▶ Supplied data
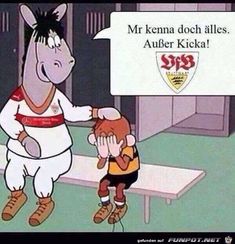 Lustige Vfb Stuttgart Bilder Lustige Vfb Stuttgart Bilder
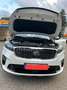 Kia Sorento Sorento 2.2 CRDi AWD Aut. Platinum Edition Blanc - thumbnail 11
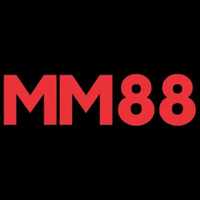 mm88report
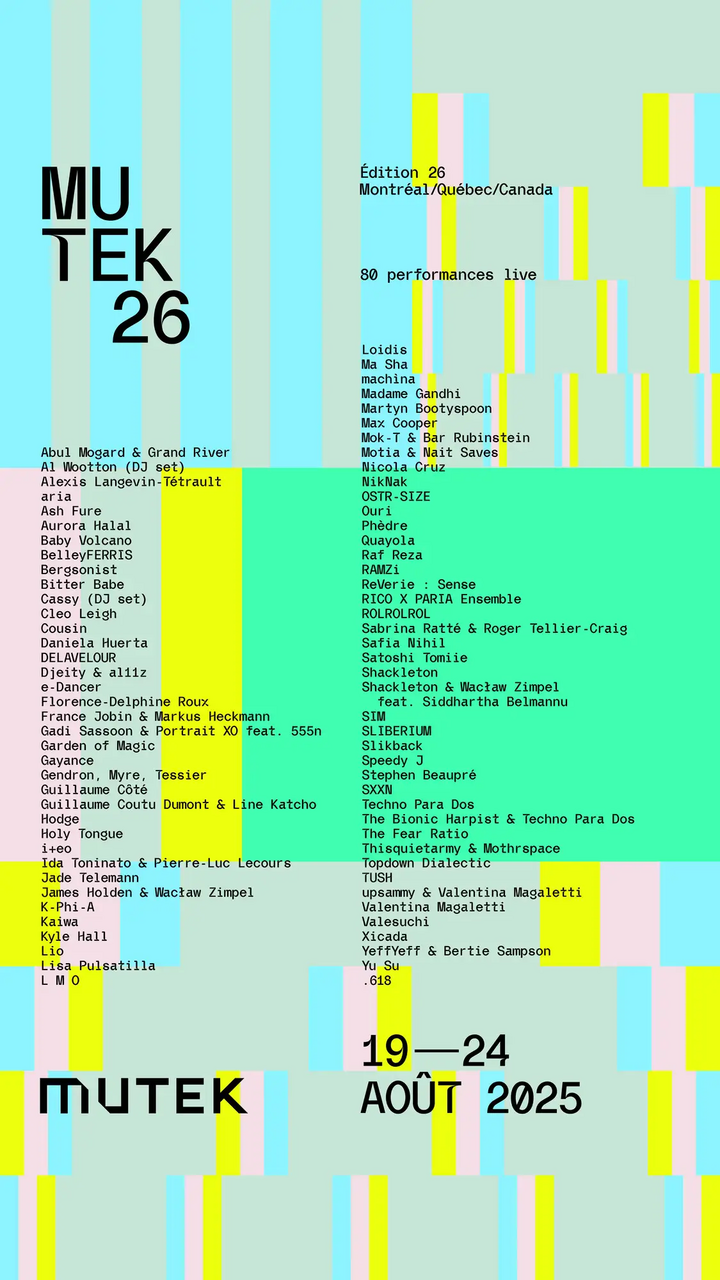File:2025-08 - Mutek Festival.webp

▶ Task objective
Output each line exactly as shown above; no pictures go in the copy.

▶ Response to this exercise
 Lustige Vfb Stuttgart Bilder Lustige Vfb Stuttgart Bilder
 Kia Sorento Sorento 2.2 CRDi AWD Aut. Platinum Edition Blanc - thumbnail 11
 mm88report
File:2025-08 - Mutek Festival.webp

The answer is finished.